DATA BELOW section start

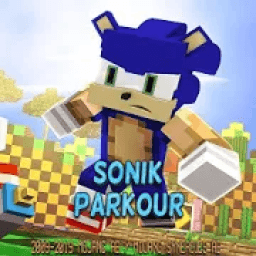 ikon Mod Sonik Parkour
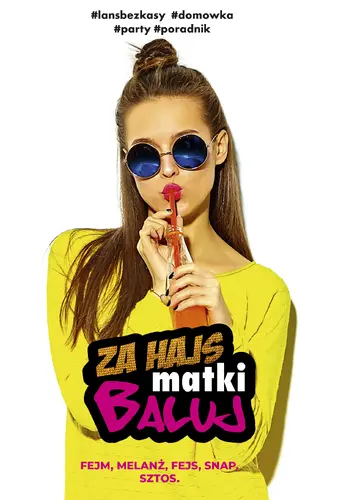 Okładka: Za hajs matki baluj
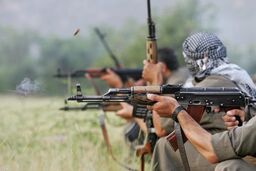کشته شدن بیش از هزار نیروی پ.ک.ک در 9 ماه گذشته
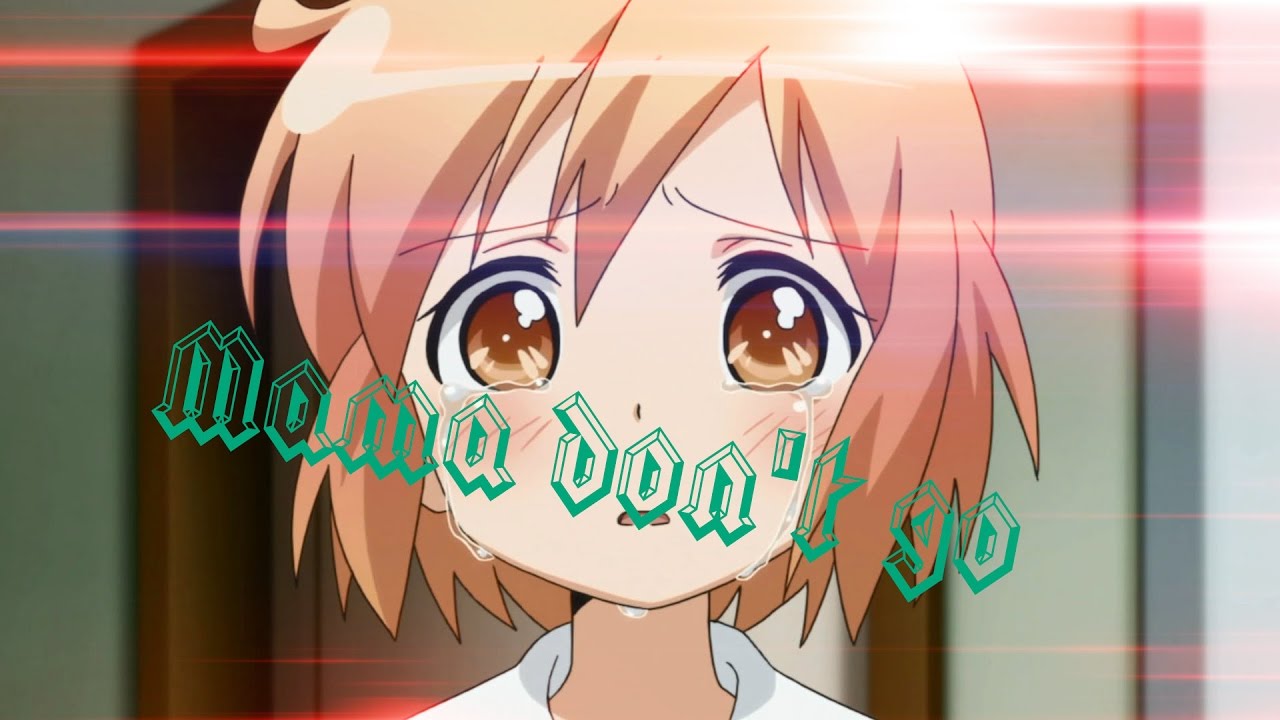 Котоура-мама не уходи ✿ Аниме-песня для всей семьи 🎶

DATA BELOW section end

*EXERCISE DIRECTIONS*. Pictures stay out; all other material above is restated word for word.

*RESULT OF THIS TASK*.
 ikon Mod Sonik Parkour
 Okładka: Za hajs matki baluj
کشته شدن بیش از هزار نیروی پ.ک.ک در 9 ماه گذشته
 Котоура-мама не уходи ✿ Аниме-песня для всей семьи 🎶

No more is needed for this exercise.